Media content is often transmitted via packet-switched networks, such as the Internet, and other small or large area networks. Most media content, including movies, television shows, and music are too large to be transmitted as a single fragment. Further, consumers often prefer to access content without downloading the complete asset. Therefore, various algorithms are used to divide media and related data into individual fragments for transmission. Several factors may impact fragment size; however, it is primarily dictated by specific efficiencies for the utilized network(s). Delivering media according to network efficiency has several disadvantages. For example, it does not account for packets containing live content. Even if certain fragments are flagged as important or urgent, other disadvantages persist with current methodologies. For example, a minimum quantity of fragments may be required to be received in one or more caches associated with the end-user's playback device, before initiating playback of the content.
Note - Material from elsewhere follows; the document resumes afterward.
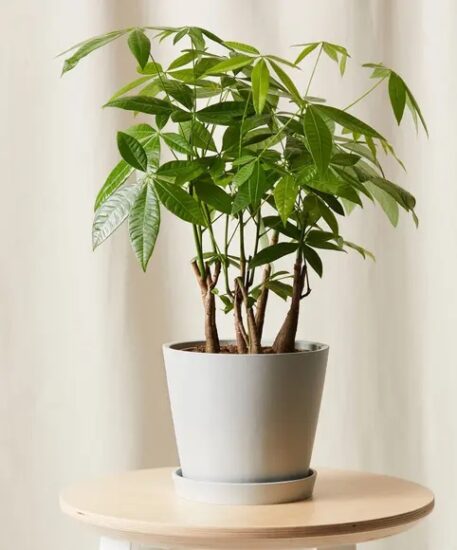 Best Gifts For In-Laws {and Parents} 7 bloomscape gift subscription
Delivery of content representing real-time or live events becomes increasingly unsatisfactory as the requirements for packets increase. Indeed, as content becomes more interactive, content is often consumed on a real-time basis. For example, many systems require a minimum of three or more fragments to be cached before playback of the media is initiated. If each fragment is three seconds in duration, then the viewer will be at least than nine seconds delayed from real-time. This results in an unsatisfactory experience for viewers of, for example, quick-paced sporting events, interactive shows, such as reality shows with voting options, as well as other types of media. This problem is compounded when a media player is located in a location with several other devices consuming the same or similar content. For example, an entity may transmit or present to viewers a sporting event in which several, (e.g., three) sources are utilized at different display devices throughout an establishment. Different network capabilities coupled with different fragment sizes often results with at least a portion of the devices showing the live event out of synchronization, for example, several seconds and up to a minute behind other devices. This is often distracting and undesirable to entities and users.
Further, other forms of content, such as media, movies, music, and teleconferencing entertainment multimedia is often transmitted using the same or similar sized fragments as media containing real-time and/or live media. In this regard, bandwidth requirements may be unduly elevated. Therefore, there is a need for a scalable solution that allows for different types of media content to be transmitted.